What is being asked =
From the entries below, transcribe exactly the lines between the line holding "comma Hose in 8026_helles beige" and the line holding "DJI Care Enterprise", inclusive; skip all other lines.

Records for the task =
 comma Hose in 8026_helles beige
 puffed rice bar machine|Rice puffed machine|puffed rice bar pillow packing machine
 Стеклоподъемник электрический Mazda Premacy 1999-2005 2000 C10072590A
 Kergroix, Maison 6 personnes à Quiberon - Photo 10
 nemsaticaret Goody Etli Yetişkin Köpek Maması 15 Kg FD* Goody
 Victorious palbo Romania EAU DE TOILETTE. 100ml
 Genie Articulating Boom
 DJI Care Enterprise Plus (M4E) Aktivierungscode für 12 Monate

--

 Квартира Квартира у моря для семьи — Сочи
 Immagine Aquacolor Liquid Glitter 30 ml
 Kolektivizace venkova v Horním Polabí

Exercise output =
 comma Hose in 8026_helles beige
 puffed rice bar machine|Rice puffed machine|puffed rice bar pillow packing machine
 Стеклоподъемник электрический Mazda Premacy 1999-2005 2000 C10072590A
 Kergroix, Maison 6 personnes à Quiberon - Photo 10
 nemsaticaret Goody Etli Yetişkin Köpek Maması 15 Kg FD* Goody
 Victorious palbo Romania EAU DE TOILETTE. 100ml
 Genie Articulating Boom
 DJI Care Enterprise Plus (M4E) Aktivierungscode für 12 Monate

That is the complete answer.